Michael B Jordan and Timothee Chalamet’s awards ceremony looks are straight from the BDSM scene, but erase its roots in queer culture

 

Awards season is not, as a rule, a terribly exciting time for men’s fashion. As women dominate the photo opportunities and red-carpet chatter with their extravagant haute-couture gowns, expectations of men have remained fixed for decades: black tie, white shirt, patent-leather shoes, and you’re ready to go.

 

Some variations are permitted, but usually not enough to earn more than a few seconds’ notice. Which is why Michael B Jordan bewildered onlookers at Sunday night’s Screen Actors’ Guild awards by slipping a purple floral harness over an otherwise sleek double-breasted suit. Timothee Chalamet wore a sparkly black version to the Golden Globes last month.

Both looks bring to mind the Olympic figure skater Adam Rippon’s fetishwear-inspired tuxedo at last year’s Oscars – shoulderless, so as to give suitable exposure to the leather-and-steel BDSM harness crossing his chest.

 

This wasn’t just a rakish Hollywood bad boy turning up without a tie, but an out-and-proud gay celebrity actively queering the carpet, brashly defying showbusiness’s prescribed models of masculinity.

 

Real deal … Adam Rippon at the 2018 Oscars
 Real deal … Adam Rippon in a harness and tuxedo at the 2018 Oscars Photograph: Jordan Strauss/Invision/AP

The harness is the uniform of the once underground gay leather bondage scene, a richly coded symbol of male sexual submission and control; refashioning it as mainstream formalwear before an audience of millions was an explicit statement that LGBT sexuality is no longer something to be hidden or marginalised.

The gesture was applauded, a handful of thinkpieces were written, and Rippon went back to wearing more conventionally chic skinny suits at public events.
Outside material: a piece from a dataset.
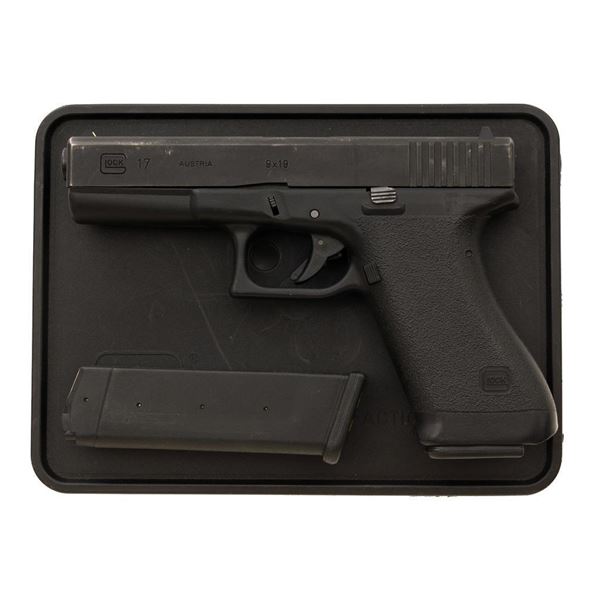 Glock Model 17 Gen 1 Semi-Automatic Pistol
What we didn’t anticipate was that a year later, the harness – now co-opted by Louis Vuitton – would become the accessory of choice for straight male stars looking to up their red-carpet game. Vuitton’s version strips the item of its leather-scene implications: now constructed from thick fabric, it looks like the kind of safety harness used by frazzled parents to control roaming toddlers.

 

Whether this backwards-Baby-Björn look strikes you as charmingly whimsical or just idiotic, it’s hard not to see it as one more item of queer culture being appropriated and neutralised by the pop machine.

 

You would like to imagine its straight wearers are winkingly complicit in redressing masculinity, though Chalamet’s response to queries about his outfit suggests otherwise: “I thought it was a bib,” he admitted. “I had a friend send me a thing that, like, sex-dungeon culture is a thing where you wear harnesses. I didn’t do it for that reason.”

 

In Chalamet’s defence, his obliviousness is testament to the fashion world’s successful rebranding of the harness as Yolo bro-wear: if best actor frontrunner Rami Malek wears one to the Oscars next month, to pick up an award for his sanitised portrayal of the queer icon Freddie Mercury, it would be a fitting gesture.